TO DO - Only the lines from the beginning of the entries through the one with "Tabel 3.1 Het" should be written out, please, exactly and without any pictures.

=== Section Start ===

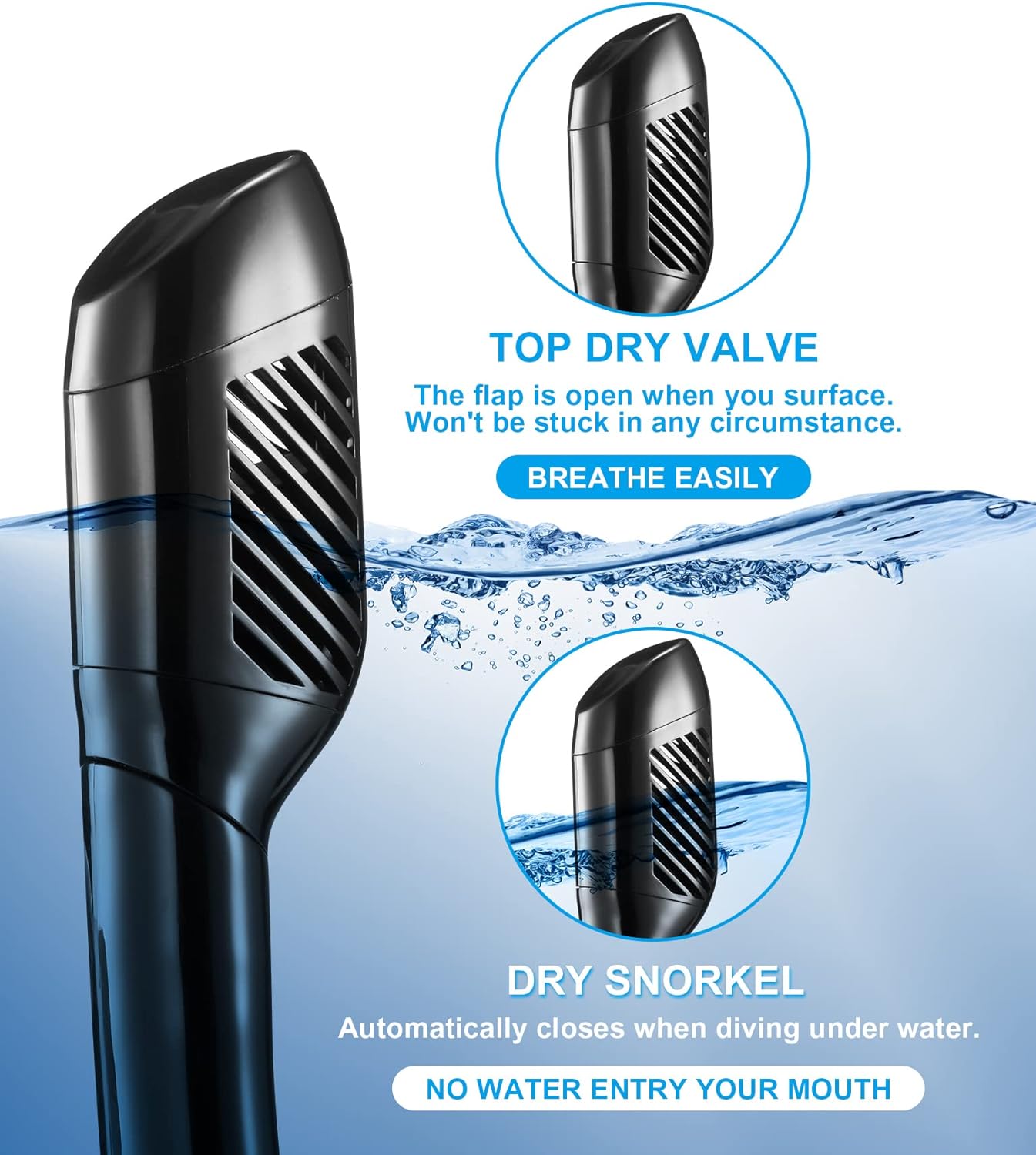 Thumbnail 3 de Aegend Snorkeling Gear: Panoramic Full-Face Mask with Top Dry Valve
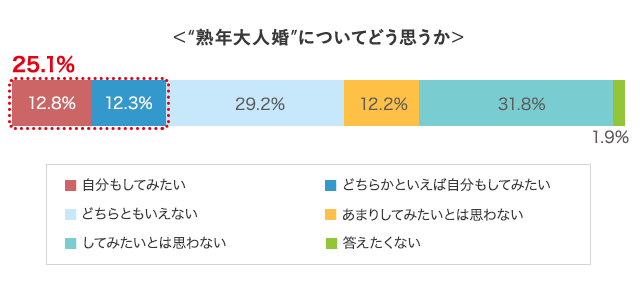 グラフ1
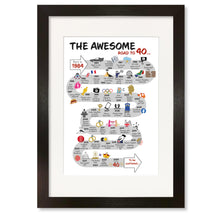 Load image into Gallery viewer, UK | The Road to 40 | 40th Milestone Birthday Print | Born in 1986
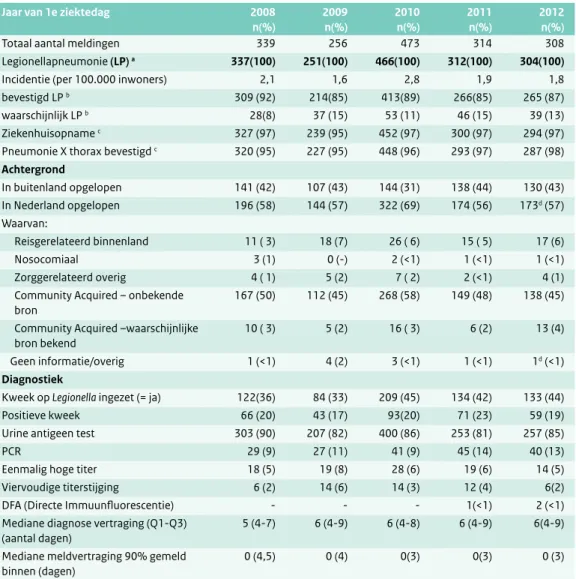 Tabel 3.1 Het aantal meldingen van legionellose in 2008-2012, incidentie, klinische gegevens, achtergrond en  diagnostiek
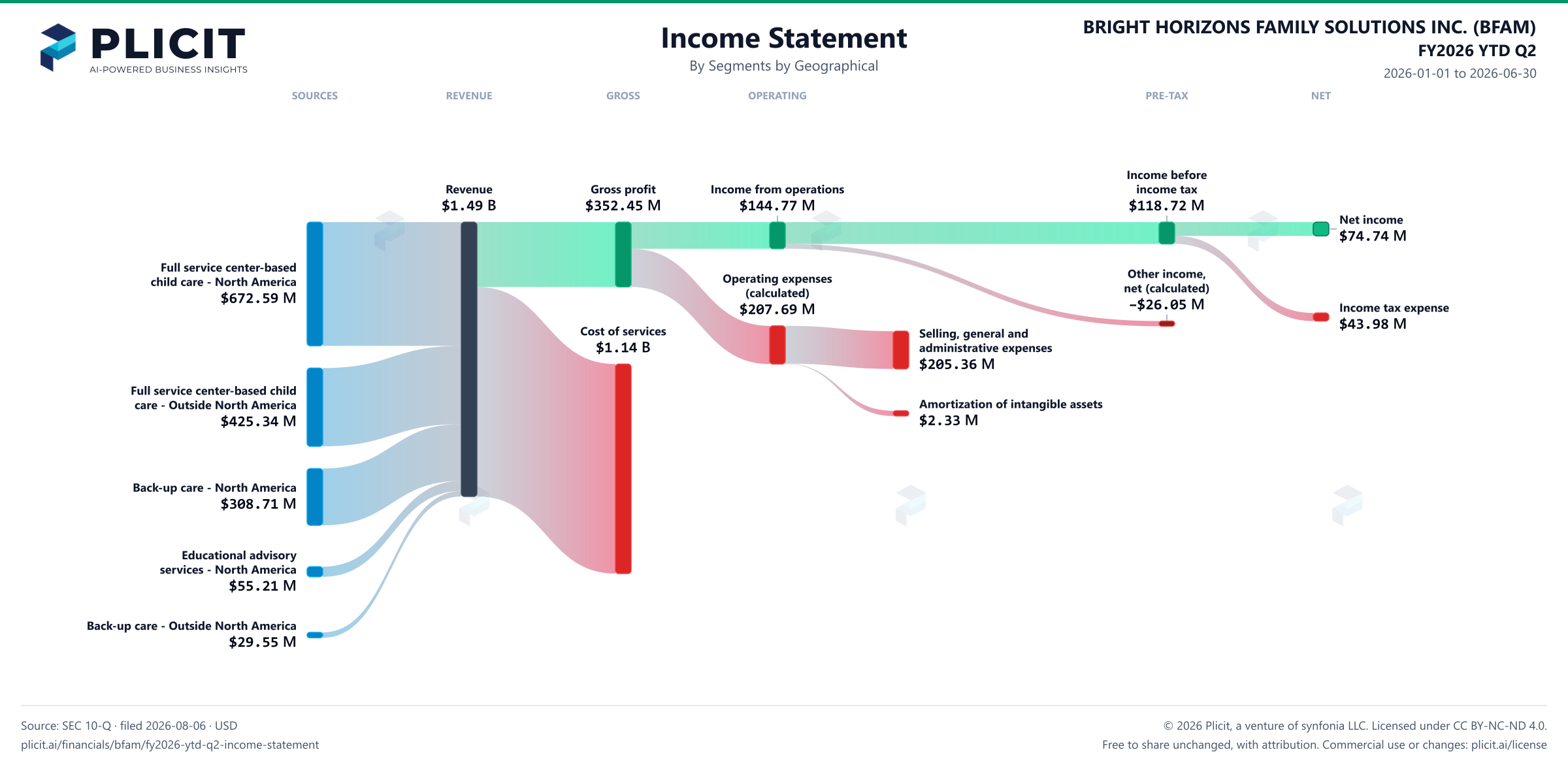 BRIGHT HORIZONS FAMILY SOLUTIONS INC. (BFAM) FY2026 YTD Q2 P&L / Income Statement Sankey chart, Segments by Geographical view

=== Section End ===

RESPONSE BELOW -
 Thumbnail 3 de Aegend Snorkeling Gear: Panoramic Full-Face Mask with Top Dry Valve
 グラフ1
 Load image into Gallery viewer, UK | The Road to 40 | 40th Milestone Birthday Print | Born in 1986
 Tabel 3.1 Het aantal meldingen van legionellose in 2008-2012, incidentie, klinische gegevens, achtergrond en  diagnostiek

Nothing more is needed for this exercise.